Zygmunt Bauman cita essa eterna busca por uma satisfação plena de forma genial em seu livro “Modernidade Líquida” (página 37 da edição de 2001, publicada pela Jorge Zahar Editor no Brasil):
“Ser moderno passou a significar, como significa hoje em dia, ser incapaz de parar e ainda menos capaz de ficar parado. Movemo-nos e continuaremos a nos mover não tanto pelo ‘adiamento da satisfação’, como sugeriu Max Weber, mas por causa da impossibilidade de atingir a satisfação: o horizonte da satisfação, a linha de chegada do esforço e o momento da auto-congratulação tranquila movem-se rápido demais.
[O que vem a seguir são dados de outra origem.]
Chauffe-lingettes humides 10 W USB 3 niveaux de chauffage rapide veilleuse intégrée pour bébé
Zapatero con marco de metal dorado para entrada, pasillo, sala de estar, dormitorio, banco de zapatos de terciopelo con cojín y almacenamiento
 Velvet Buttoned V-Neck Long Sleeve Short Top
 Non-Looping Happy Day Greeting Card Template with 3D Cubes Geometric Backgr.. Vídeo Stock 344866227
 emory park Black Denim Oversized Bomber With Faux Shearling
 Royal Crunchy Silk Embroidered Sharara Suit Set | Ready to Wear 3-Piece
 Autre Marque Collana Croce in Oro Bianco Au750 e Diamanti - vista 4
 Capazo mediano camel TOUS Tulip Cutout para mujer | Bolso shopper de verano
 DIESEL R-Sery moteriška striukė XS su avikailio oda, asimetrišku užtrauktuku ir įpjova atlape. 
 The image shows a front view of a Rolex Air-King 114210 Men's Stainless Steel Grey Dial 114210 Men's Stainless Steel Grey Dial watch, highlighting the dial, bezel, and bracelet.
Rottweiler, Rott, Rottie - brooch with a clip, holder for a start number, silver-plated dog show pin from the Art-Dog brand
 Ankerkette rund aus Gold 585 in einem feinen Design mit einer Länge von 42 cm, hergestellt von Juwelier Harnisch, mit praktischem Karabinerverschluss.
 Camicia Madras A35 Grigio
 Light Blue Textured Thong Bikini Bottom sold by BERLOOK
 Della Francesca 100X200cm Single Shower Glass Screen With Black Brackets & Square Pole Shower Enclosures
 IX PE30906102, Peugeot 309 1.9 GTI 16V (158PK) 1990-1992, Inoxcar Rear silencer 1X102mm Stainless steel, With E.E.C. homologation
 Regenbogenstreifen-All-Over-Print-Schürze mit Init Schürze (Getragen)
A consumação está sempre no futuro, e os objetivos perdem sua atração e potencial de satisfação no momento de sua realização, se não antes”.
É interessante notar que Bauman não diz que nós, enquanto seres humanos pós-modernos, adiamos a nossa satisfação: é a sociedade altamente mutável e “em processo de evolução” que sempre cria novas possibilidades de prazer, e isso combina perfeitamente com a forma como a Marvel faz seus filmes. A lógica é muito parecida em novelas, séries e outros produtos: não vemos para saborear lentamente uma obra de arte, apreciar uma boa história ou ter contato com emoções novas: queremos saber o que vai acontecer e receber uma proposta de algo melhor no futuro: uma guerra civil, um novo herói, uma nova possibilidade de trama.
“Homem-Formiga” repete isso e pode ser o estopim para muitos: terminamos os créditos finais vendo um Buck Barnes que possivelmente vai depender de Scott Lang, participar das próximas batalhas, etc. A consumação está sempre no futuro. É como um gozo mediano que sempre promete um orgasmo pleno para depois. Continuações, sequels, prequels… ninguém quer o eterno e perene, mas o paradoxo do finito que promete o infinito.
Desta forma, não podemos acusar a Marvel de não criar produtos de seu próprio tempo. São filmes que funcionam como os relacionamentos entre as pessoas, a compra de produtos e o prazer de viver: são leves e fluidos, não perduram e não oferecem o máximo de prazer porque sabe-se que logo acabarão e serão transformados em coisas novas.